• Exercise instructions
All that is wanted is the exact text of the lines below from the one with "Andr&eacute; Greipel celebrates" through the one with "Islamic greeting ramadan", inclusive, minus any pictures.

• The input
——

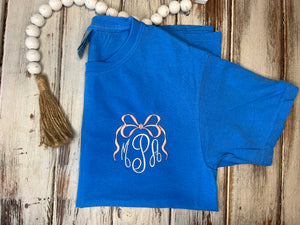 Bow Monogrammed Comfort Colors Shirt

——

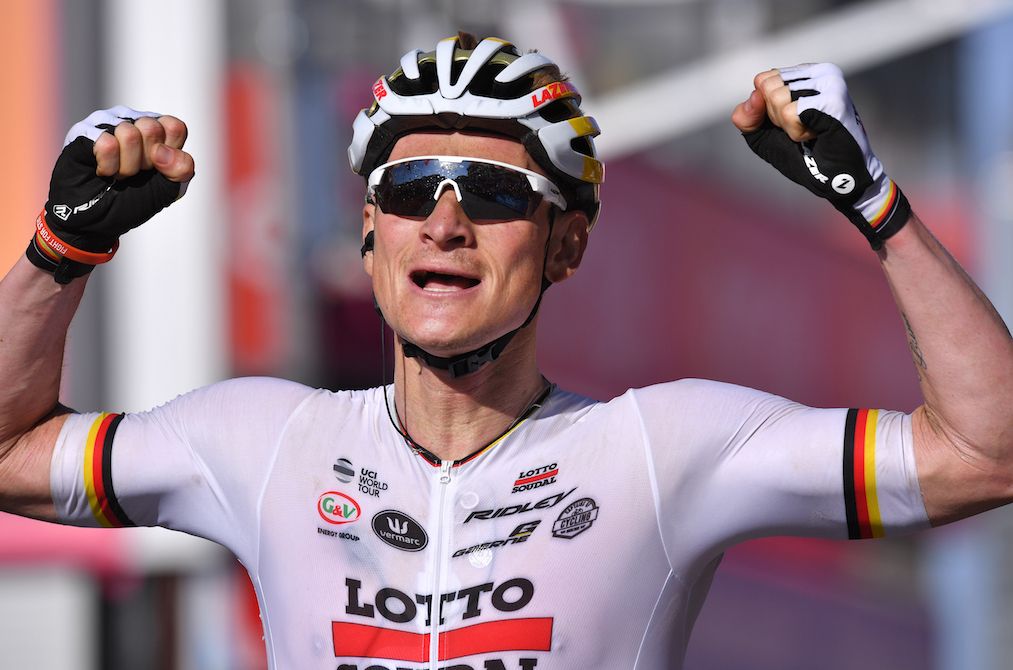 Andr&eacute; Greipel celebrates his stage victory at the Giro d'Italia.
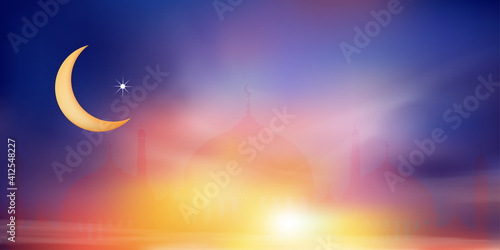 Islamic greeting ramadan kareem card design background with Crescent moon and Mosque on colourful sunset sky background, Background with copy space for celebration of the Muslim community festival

——

• Answer to this exercise
 Andr&eacute; Greipel celebrates his stage victory at the Giro d'Italia.
 Islamic greeting ramadan kareem card design background with Crescent moon and Mosque on colourful sunset sky background, Background with copy space for celebration of the Muslim community festival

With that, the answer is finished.